Extracted information below:

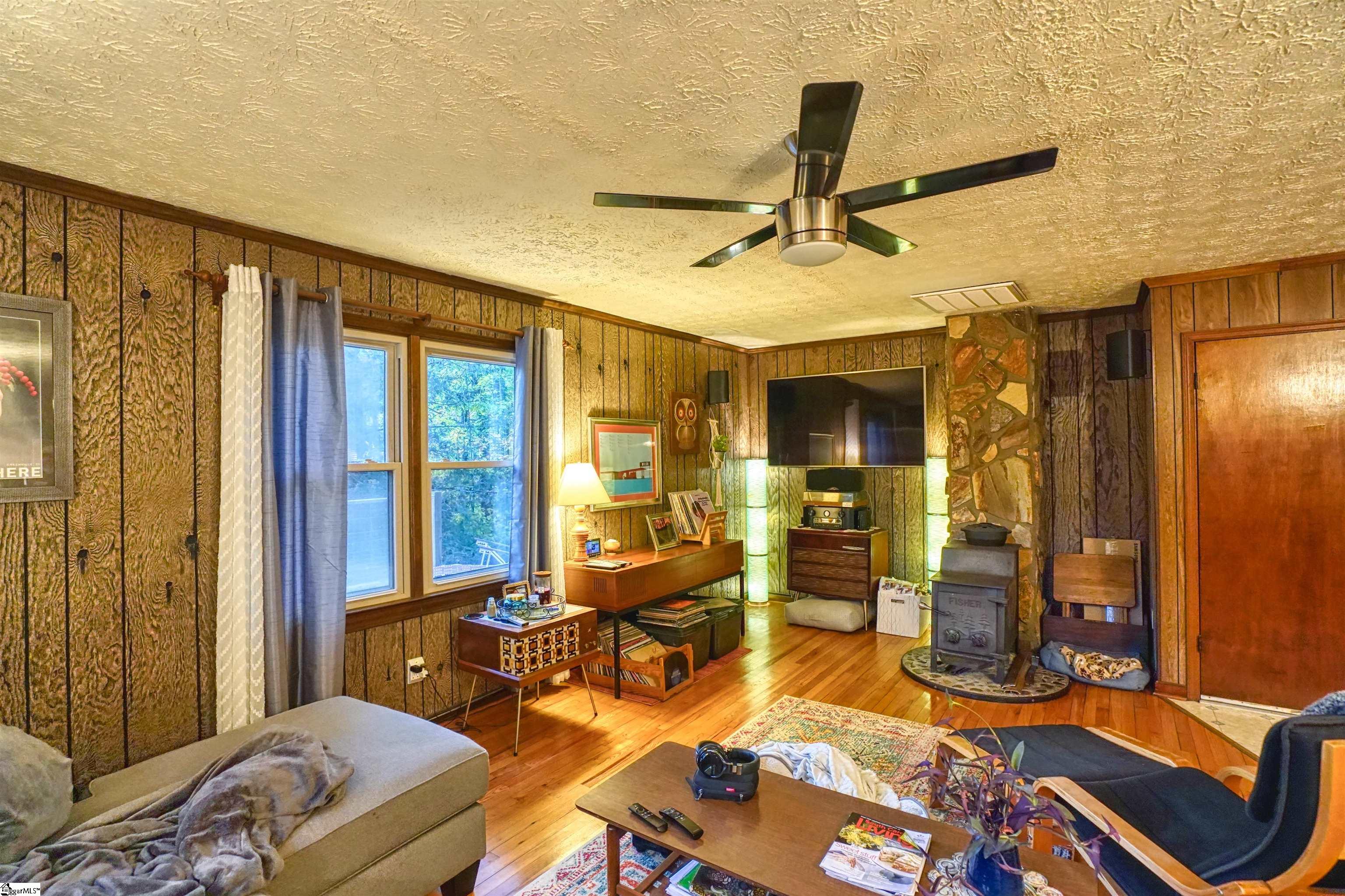 206 Gap Creek Road Marietta, SC 29661 - Photo 14 of 36 Gallery Image 14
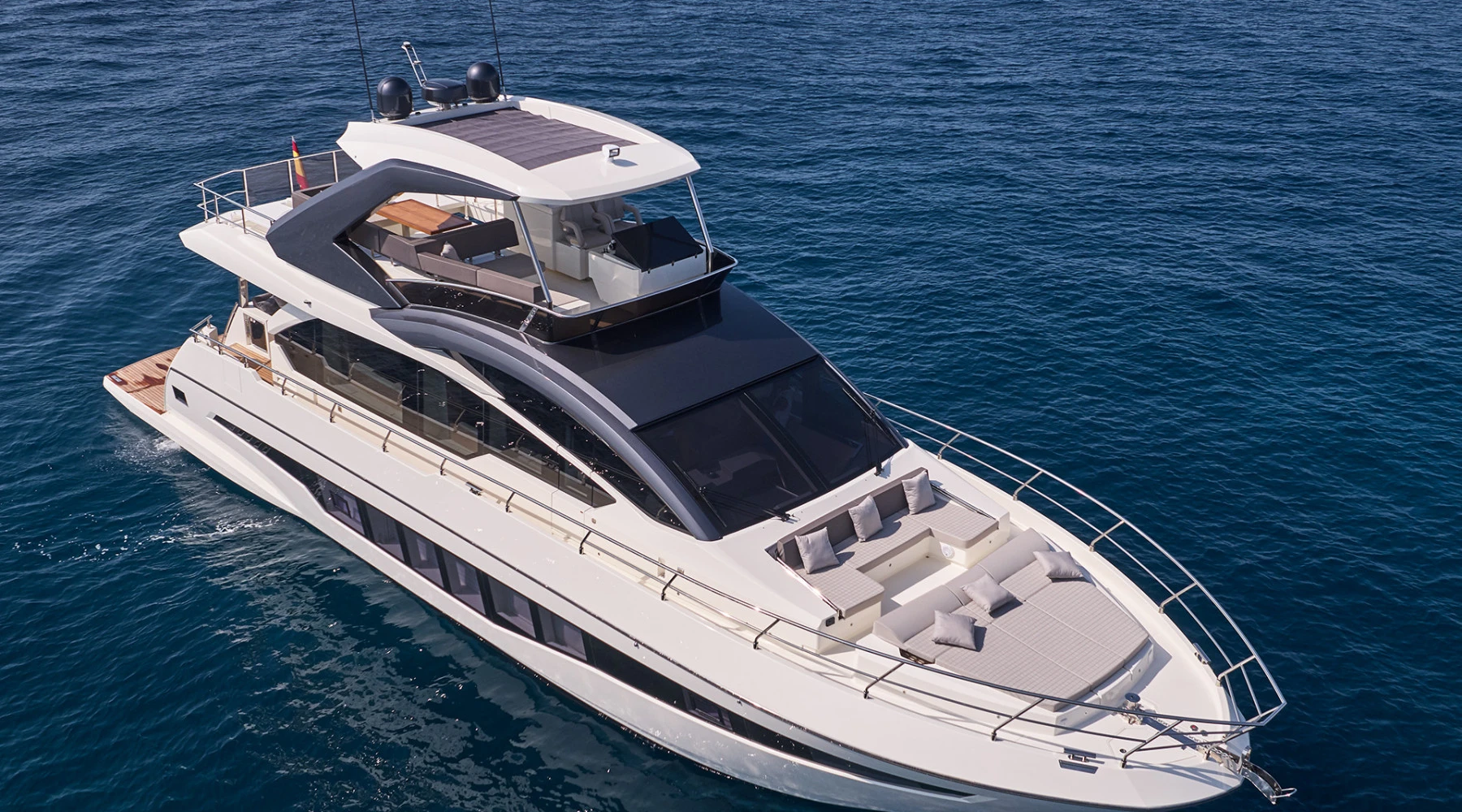 Astondoa 66 Flybridge 2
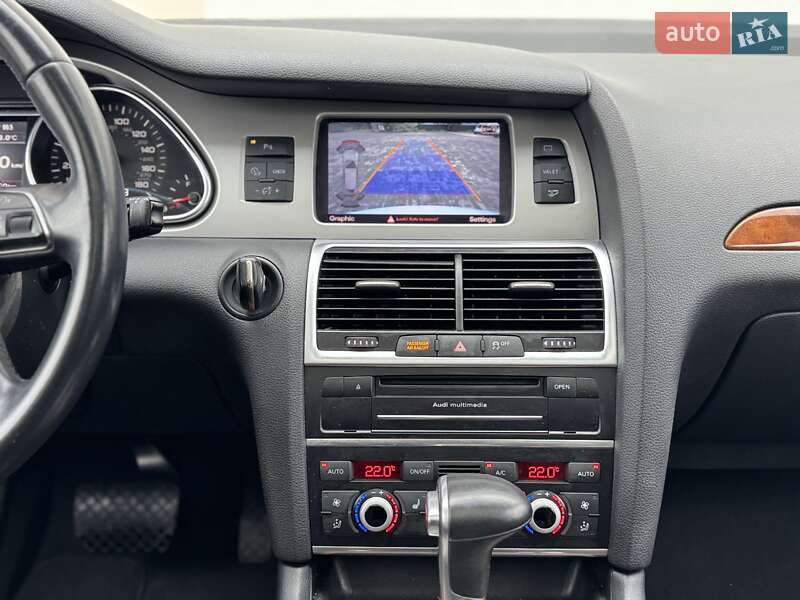 Внедорожник / Кроссовер Audi Q7 2015 в Сарнах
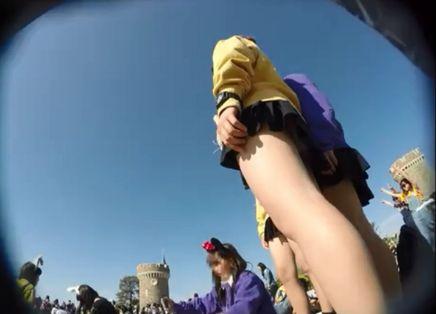 《パンツ盗撮》ネズミの夢の国は、パンツ盗撮魔にとっても夢の国だった！少女たちのパンツがいっぱい♥♥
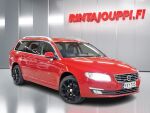 Volvo V70 2016 Punainen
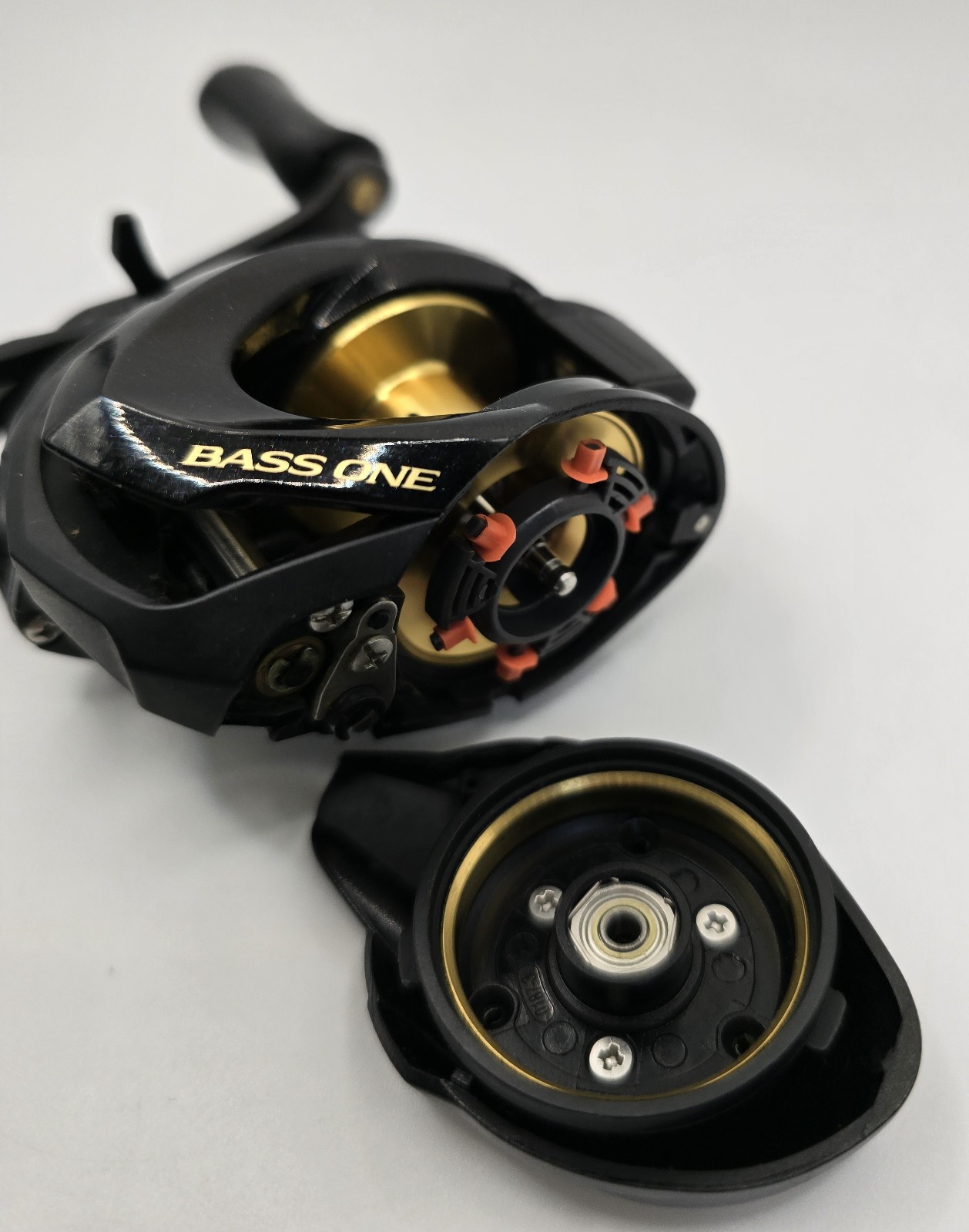 Shimano 17 Bass One XT 150 Right Baitcast Reel JDM Bass Fishing Near Mint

End of Extracted information.

**Your goal:** From the line that holds "Внедорожник / Кроссовер" to the last line of the records, please copy each line exactly and nothing else. Pictures stay out.

**Task result:**
 Внедорожник / Кроссовер Audi Q7 2015 в Сарнах
 《パンツ盗撮》ネズミの夢の国は、パンツ盗撮魔にとっても夢の国だった！少女たちのパンツがいっぱい♥♥
 Volvo V70 2016 Punainen
 Shimano 17 Bass One XT 150 Right Baitcast Reel JDM Bass Fishing Near Mint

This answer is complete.